Obama’s commitment to powerful business interests is best reflected in his unwavering support for giant Wall Street gamblers. Instead of calling for dismissal and accountability of the economic team of advisors that played a catalyst role in bringing about this systemic financial meltdown, he has placed them in decision-making positions, ensuring the continuance of the failed Bush policies of looting taxpayers and giving it to Wall Street financial titans.
The longer his administration (in concert with the labial congress) continues on this doomed path, the longer the crisis, the more indebted the nation, and the more oppressive the economic hardship will get.
There is some speculation that the Obama administration might be compelled to nationalize the insolvent banks. Considering the financial-economic team of neoliberal advisors who would be in charge of carrying out the rumored nationalization, this measure would be committed largely to the powerful Wall Street interests. If implemented, the measure would be tantamount to the proverbial palace coup designed to salvage the rule of the royal family, that is, of the financial Kleptocracy.
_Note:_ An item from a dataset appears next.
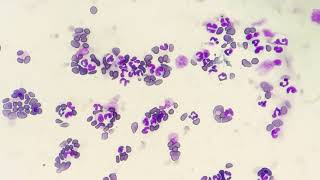 Neutrophilic Leukocytosis Blood smear examination [upl. by Kreindler]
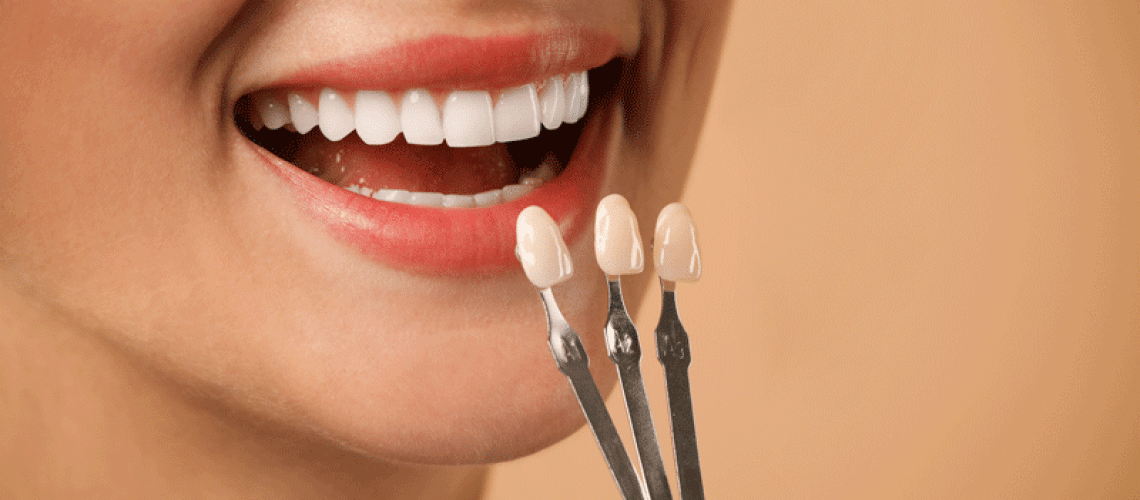 Doctor checking young woman's teeth color on beige background, closeup. Dental veneers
There is no indication that, in the process of the rumored bank nationalization, there would be a seat around the decision-making table for taxpayer representation, or any room for public oversight and control of the nationalization policies and procedures. Instead, as pointed out by Jerry White, “taxpayers would assume responsibility for the worthless assets held by the banking giants so they could take these liabilities off their books and once again become profitable. After a temporary period of government direction, the banks would be turned over once again to private investors, who would buy the now lucrative shares for pennies on the dollar” [16].
While representing an improvement over the currently-confused bailout/rescue plans, this kind of (Wall Street-Sponsored) bank nationalization would not be able to wipe out all of the worthless assets of the insolvent banks and bring about an effective economic recovery, as it would not break free from the fraudulent influence of powerful financial interests.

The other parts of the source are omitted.